Scraped caption text data:
#####
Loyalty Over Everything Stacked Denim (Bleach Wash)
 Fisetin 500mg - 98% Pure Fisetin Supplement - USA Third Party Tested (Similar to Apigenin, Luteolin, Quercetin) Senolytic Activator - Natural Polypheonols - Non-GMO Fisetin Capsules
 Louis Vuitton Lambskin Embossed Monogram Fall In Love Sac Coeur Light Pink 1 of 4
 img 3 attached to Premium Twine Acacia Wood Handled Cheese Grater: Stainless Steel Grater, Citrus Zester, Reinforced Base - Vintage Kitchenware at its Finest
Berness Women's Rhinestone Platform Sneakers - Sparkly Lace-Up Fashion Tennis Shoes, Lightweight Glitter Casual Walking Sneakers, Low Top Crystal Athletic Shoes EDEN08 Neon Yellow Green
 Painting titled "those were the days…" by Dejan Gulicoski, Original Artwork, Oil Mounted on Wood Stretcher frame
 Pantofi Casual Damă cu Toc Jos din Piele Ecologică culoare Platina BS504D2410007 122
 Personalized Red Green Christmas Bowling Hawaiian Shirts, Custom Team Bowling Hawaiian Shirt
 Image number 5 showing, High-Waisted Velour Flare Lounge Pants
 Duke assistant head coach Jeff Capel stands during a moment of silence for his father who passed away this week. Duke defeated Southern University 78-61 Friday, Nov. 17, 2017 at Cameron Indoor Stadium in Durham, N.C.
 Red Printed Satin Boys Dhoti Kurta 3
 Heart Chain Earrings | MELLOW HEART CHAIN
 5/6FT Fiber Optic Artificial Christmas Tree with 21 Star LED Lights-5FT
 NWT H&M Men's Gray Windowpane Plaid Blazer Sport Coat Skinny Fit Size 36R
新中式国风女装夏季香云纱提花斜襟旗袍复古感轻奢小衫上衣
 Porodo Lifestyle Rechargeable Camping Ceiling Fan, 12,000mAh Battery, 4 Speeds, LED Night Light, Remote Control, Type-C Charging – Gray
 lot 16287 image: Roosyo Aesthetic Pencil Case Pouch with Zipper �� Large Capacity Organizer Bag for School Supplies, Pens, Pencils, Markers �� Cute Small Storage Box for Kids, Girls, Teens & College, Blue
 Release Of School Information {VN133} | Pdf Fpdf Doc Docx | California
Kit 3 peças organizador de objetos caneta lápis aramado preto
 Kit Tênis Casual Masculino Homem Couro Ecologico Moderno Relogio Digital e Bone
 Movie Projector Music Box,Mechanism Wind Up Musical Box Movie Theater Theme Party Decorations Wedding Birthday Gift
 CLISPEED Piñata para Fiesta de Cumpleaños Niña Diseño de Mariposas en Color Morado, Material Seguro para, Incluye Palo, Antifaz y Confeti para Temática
#####
EXERCISE DETAILS :: For this exercise, return every line from the data that holds the string "Christmas".

TASK SOLUTION ::
 Personalized Red Green Christmas Bowling Hawaiian Shirts, Custom Team Bowling Hawaiian Shirt
 5/6FT Fiber Optic Artificial Christmas Tree with 21 Star LED Lights-5FT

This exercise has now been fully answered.